Four sash windows, two neat flowerbeds in the front garden, roses curling sweetly around the front door – such was my infant-school vision of my future home. Of course, it was wildly unrealistic – I forgot to sketch a cross-looking landlord arriving at the gate to have a look at our leaky boiler for a start.
Renting, not buying, is the reality that people in their twenties and thirties have had to accept, and, it seems, we are doing so with a willingness that would once have surprised me. I have ceased to think about buying a house at all – not only because it would be financially impossible for me to buy the kind of place I would like to live in, but because I'm just not sure I care about owning my own home at all any more.
According to a survey published yesterday for the Government's Tenant Services Authority, mine is an attitude shared by an increasing number of people. Of 21,000 tenants living in council and housing association accommodation, a mere 12 per cent said they would like to own their own home, less than half of the 32 per cent who expressed the same desire in 1999.
Clearly, the "right to buy" no longer holds the appeal that it did for the two million tenants who took advantage of the Thatcherite policy from its introduction in 1980 until the mid-Nineties. Seemingly the embodiment of the Tory dream, those buyers found their hard work and saving rewarded with entry into the self-sufficient, property-owning class that has hitherto inspired such a peculiar ardour among the British.
But fast-forward almost three decades – post-bubble and post-bust – and for many people the idea that hard work will guarantee you an option on some bricks-and-mortar to call your own seems laughable. Moreover, if you are able to survive the hardships of scraping enough cash together for a deposit and secure a mortgage, property simply no longer represents the security it did for previous generations.

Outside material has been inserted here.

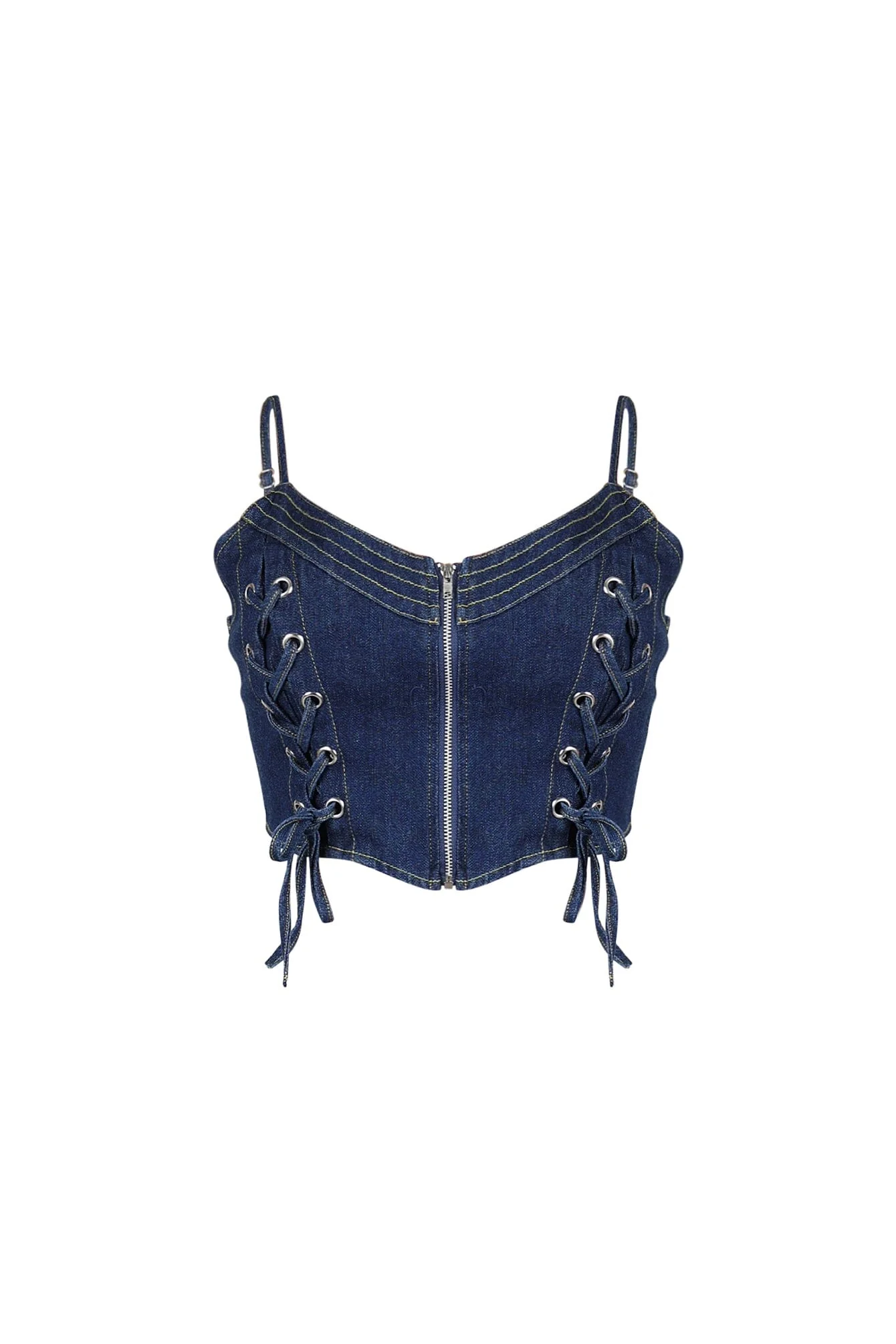 Sidekick Lace Up Denim Bustier Top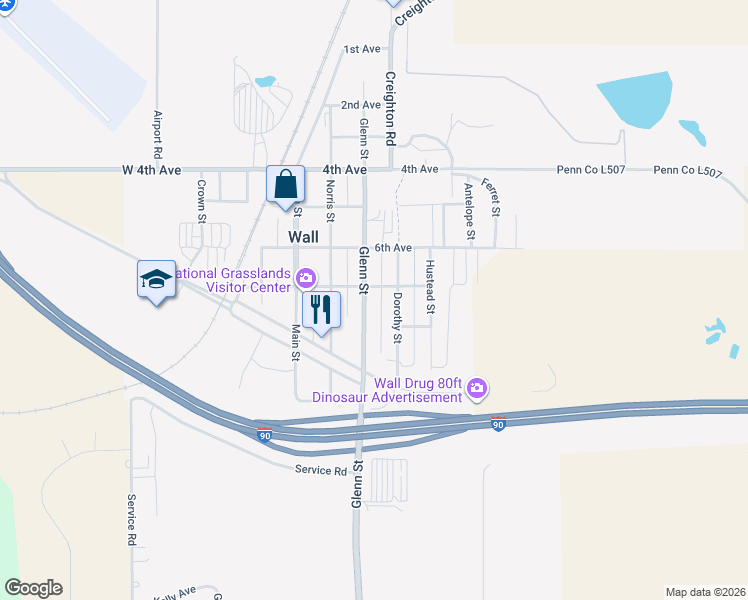 map of restaurants, bars, coffee shops, grocery stores, and more near 704 Glenn Street in Wall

My own attitudes may well have been shaped by a year spent living in Paris during which I didn't meet a single person who owned their own flat or house. The staple, British renting-versus-buying conversation never arose, and I found it quite liberating. In France, where half of households are renting, and in much of continental Europe, home-ownership just isn't bound up with the same notions of pride and achievement that it is in Britain. The mobility that this has allowed French workers has proved one of the few upsides of the recession.
The attraction of property lies in its associated sense of possession and permanence, whether that means a place to put down roots or something to pass on to our children. Both are understandable desires, but in an age where few things – jobs, marriage – are necessarily for life, neither feel realistic. Renting, by contrast, offers a flexibility that is far more relevant to the way we live now. I may have to suffer magnolia walls for the rest of my life, but it's a price I'm happy to pay.